A Chorleywood retiree has been hit with a legal bill for almost £1,000 after believing a "myth" about the road outside his house being private.

Geoffrey Powell, 53, of Clements Road, parked his Renault Espace on a stretch of the same road close to his house and officially declared to the DVLA that it was off the road while he wasn’t using it.

Mr Powell says almost as soon as he had made the declaration in March 2012, "an unfriendly neighbour" who is a member of the "private road committee" reported him to Chorleywood Parish Council.

He said a PCSO funded by the parish council issued him with a fixed penalty notice for keeping a vehicle on the road without a tax disk, which he challenged believing it was allowed as the car was parked on private land.
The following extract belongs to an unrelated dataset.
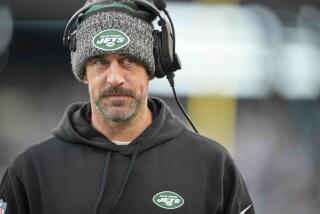 New York Jets quarterback Aaron Rodgers before an NFL football game against the Miami Dolphins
At a court hearing in Watford Magistrates Court earlier this month an expert from Hertfordshire County Council declared the private section of the road only started after the bend - despite the widely held view that the corner itself was private.

Mr Powell said during the hearing a Hertfordshire County Council highways expert cast doubt over whether any of the road was private. However, a spokesman this week said the county council did consider the section private.

Mr Powell’s total legal costs amounted to £935 and he voiced his surprise that the corner section of Clements Road - which was recently tarmaced at the residents’ own expense - was actually a part of the main highways network.

He said: "I challenged it through the court on the basis that it was on a private road. It has taken a year to get this case heard.

"I have believed the corner was private ever since I have lived here, I moved in 1988 and all that time I was led to believe the corner was private.

"We were a bit aggravated in the past when we couldn’t have a cable put in for internet because they weren’t allowed to dig the road up.

"There is nothing whatsoever to say the road is private although residents have tried to put up gate posts in the past.

"I had never even contemplated that this section of the road wasn’t private, getting the fine certainly shocked us."

Mr Powell added that he would consider seeking permission to have an underground cable installed under the public section of the highway.